Case No. 2:13-cv-00065-WTL-WGH
Entry Granting Motion for Summary Judgment
Plaintiff Richard Vance Crowley, an inmate of the Federal Bureau of Prisons (“BOP”) at
the United States Penitentiary in Bruceton Mills, West Virginia, brings this action pursuant to the
theory recognized in Bivens v. Six Unknown Named Agents, 403 U.S. 388 (1971). Crowley
alleges that defendants Rebecca Miller, David Putoff and William F. Wilson, M.D. failed to
provide or delayed treatment for multiple fractures to his right hand in violation of the Eighth
Amendment while he was housed at the Federal Correctional Complex in Terre Haute, Indiana
(“FCC Terre Haute”). The defendants move to dismiss, or in the alternative for summary
judgment—not on the merits, but based on the exhaustion of administrative remedies
requirement of the Prison Litigation Reform Act, 42 U.S.C. § 1997 (“PLRA”).1
1
Also pending, is the plaintiff’s motion for clarification [dkt. 44]. This motion is granted to the extent
that the clerk is directed to include a copy of the docket numbers 1, 36, and 41 along with the plaintiff’s
copy of this Entry.
1
I. Standard of Review
A court is to enter summary judgment when sought if “there is no genuine dispute as to
any material fact and the movant is entitled to judgment as a matter of law.” Fed. R. Civ. P.
56(a). To survive a motion for summary judgment, “the nonmoving party must establish some
genuine issue for trial such that a reasonable jury could return a verdict in her favor.” Gordon v.
FedEx Freight, Inc., 674 F.3d 769, 772-73 (7th Cir. 2012). To survive summary judgment there
must be evidence on which the jury could reasonably find for the nonmoving party, and the
nonmoving party must point to specific facts showing that there is a genuine issue for trial.
Inferences relying on mere speculation or conjecture will not suffice. Trade Finance Partners,
LLC v. AAR Corp., 573 F.3d 401, 406-407 (7th Cir. 2009) (citing Anderson v. Liberty Lobby,
Inc., 477 U.S. 242, 252 (1986), Argyropoulos v. City of Alton, 539 F.3d 724, 732 (7th Cir.
2008)).
The applicable substantive law will dictate which facts are material. National Soffit &
Escutcheons, Inc., v. Superior Systems, Inc., 98 F.3d 262, 265 (7th Cir. 1996) (citing Anderson,
477 U.S. at 248). The court views the facts in the light most favorable to the non-moving party
and all reasonable inferences are drawn in the non-movant’s favor. Ault v. Speicher, 634 F.3d
942, 945 (7th Cir. 2011).
The substantive law applicable to the motion for summary judgment is that the PLRA
requires that a prisoner exhaust his available administrative remedies before bringing a suit
concerning prison conditions. 42 U.S.C. ' 1997e(a). See Porter v. Nussle, 534 U.S. 516, 524-25
(2002). “[T]he PLRA’s exhaustion requirement applies to all inmate suits about prison life,
whether they involve general circumstances or particular episodes, and whether they allege
excessive force or some other wrong.” Id. at 532 (citation omitted). The PLRA requires a
2
prisoner to exhaust “administrative remedies as are available” before filing suit under 42 U.S.C.

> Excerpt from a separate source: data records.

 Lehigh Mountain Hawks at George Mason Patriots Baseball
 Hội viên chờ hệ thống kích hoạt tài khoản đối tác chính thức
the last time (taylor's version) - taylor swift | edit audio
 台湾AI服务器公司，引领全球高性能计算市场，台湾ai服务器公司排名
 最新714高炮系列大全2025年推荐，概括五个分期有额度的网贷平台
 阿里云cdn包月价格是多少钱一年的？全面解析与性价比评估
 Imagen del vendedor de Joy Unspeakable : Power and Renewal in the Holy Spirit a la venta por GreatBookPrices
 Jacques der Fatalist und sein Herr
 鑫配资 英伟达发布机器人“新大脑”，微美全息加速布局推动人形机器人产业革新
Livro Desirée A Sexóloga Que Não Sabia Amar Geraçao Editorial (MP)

§ 1983 or “any other Federal law.” 42 U.S.C. § 1997e(a); see also Jones v. Bock, 549 U.S. 199,
211 (2007) (“There is no question that exhaustion is mandatory under the PLRA and that
unexhausted claims cannot be brought in court.”). The exhaustion prerequisite applies to all
inmate suits about prison life. See Porter v. Nussle, 534 U.S. 516, 532 (2002); Booth v. Churner,
532 U.S. 731, 741 (2001). Moreover, Crowley must “properly” exhaust his claims by complying
with the BOP’s administrative remedy process. See Woodford v. Ngo, 548 U.S. 81, 90–91 (2002)
(“Proper exhaustion demands compliance with an agency’s deadlines and other critical
procedural rules ....”).
Facts
That following facts, unopposed by Crowley and supported by admissible evidence are
accepted as true:
The BOP has promulgated an administrative remedy system which is the process by
which an inmate may seek formal review of a complaint related to any aspect of his confinement.

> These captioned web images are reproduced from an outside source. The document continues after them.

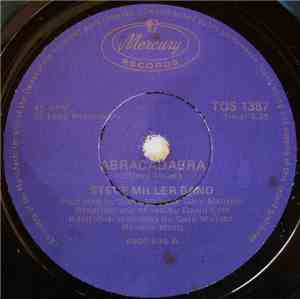 Steve Miller Band - Abracadabra / Never Say No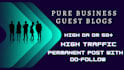 niche edit and guest post on high da DR and high traffic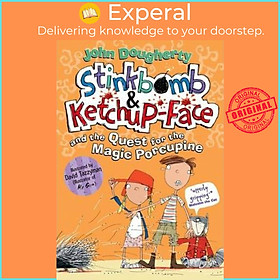 Sách - Stinkbomb & Ketchup-Face and the Quest for the Magic Porcupine by John Dougherty (UK edition, paperback)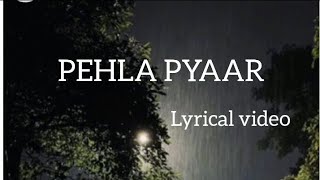 Pehla Pyaar lyrical videoKabir Singh Shahid Kabeer Kiara Advani Arman Malikbollywoodmusic world [upl. by Dwight]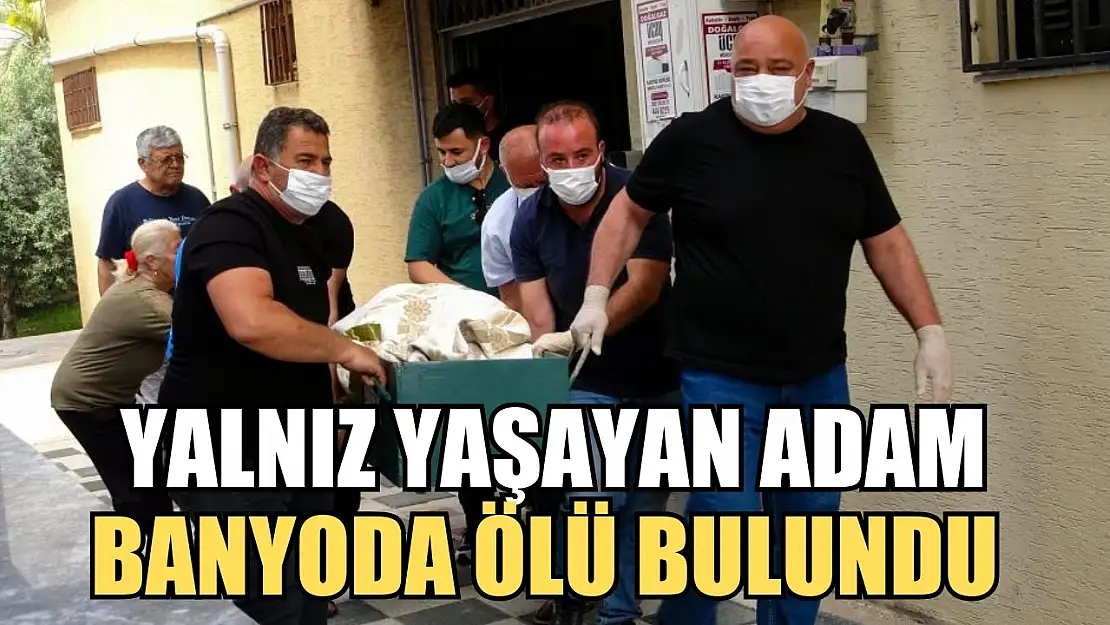 Yalnız yaşayan adam banyoda ölü bulundu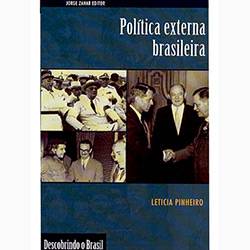 Tudo sobre 'Política Externa Brasileira: Descobrindo o Brasil'
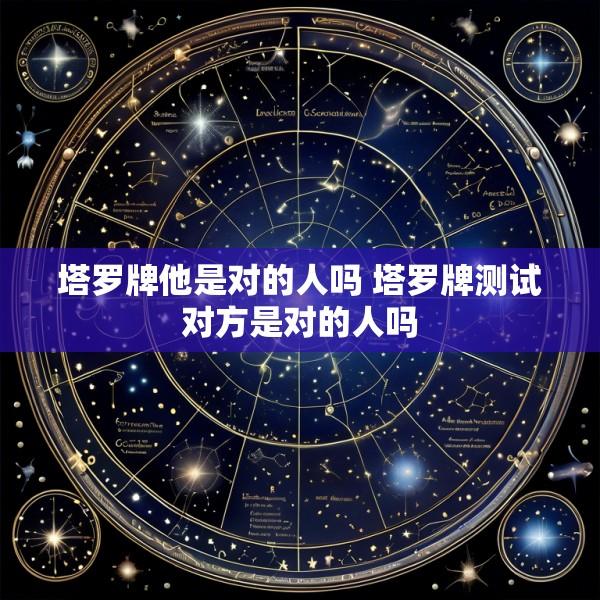塔罗牌他是对的人吗 塔罗牌测试对方是对的人吗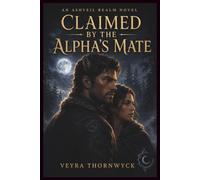 Claimed by the Alpha's Mate: An Ashveil Realm Novel: 3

See 28 C.F.R. §§ 542.10, et seq. and BOP Program Statement (PS) 1330.17. Inmates have access
to BOP Program Statement 1330.17 through the institution law library and the administrative
remedy filing procedures are outlined in an Inmate Information Handbook provided to all
inmates upon initial intake to the FCC Terre Haute. All requests for administrative remedy filed
by inmates are logged and tracked in the SENTRY computer program, which is an electronic
record keeping system utilized by the Bureau of Prisons.
The sequence and details of the BOP exhaustion procedure relevant to this action are the
following:
•
An inmate must first file an informal remedy request through appropriate
3
institution staff members (BP-8).
•
If the inmate is not satisfied with the informal remedy response, he is first
required to address his complaint on which the basis for the request occurred
within twenty (20) calendar days to the Warden (BP-9).
•
If the inmate is dissatisfied with the Warden’s response, he may appeal to the
Regional Director (BP-10) within twenty calendar days of the date of the
Warden’s response.
•
If dissatisfied with the Regional Director’s response, the inmate may appeal to the
General Counsel (BP-11) within thirty (30) calendar days of the Regional
Director’s response.
•
After filing administrative remedies at all three required levels, the inmate’s
administrative remedies are exhausted as to the specific issues raised.
Between August 28, 2012, (the date of the altercation he referenced in his Complaint) and
February 22, 2013, (the date this lawsuit was filed) Crowley filed six administrative remedy
requests. None of these administrative remedy requests were fully exhausted.
Discussion
Because exhaustion is an affirmative defense, “the burden of proof is on the prison
officials.” Kaba v. Stepp, 458 F.3d 678, 680 (7th Cir. 2006). So here, the defendants bear the
burden of demonstrating that Crowley failed to exhaust all available administrative remedies
before he filed this suit. Id. at 681. The defendants have met their burden of proving that
Crowley “had available remedies that [he] did not utilize.” Dale, 376 F.3d at 656. Given his
wholesale failure to respond, Crowley has not identified a genuine issue of material fact
supported by admissible evidence which counters the facts offered by the defendants that
4
establish Crowley’s failure to pursue all steps in the grievance process.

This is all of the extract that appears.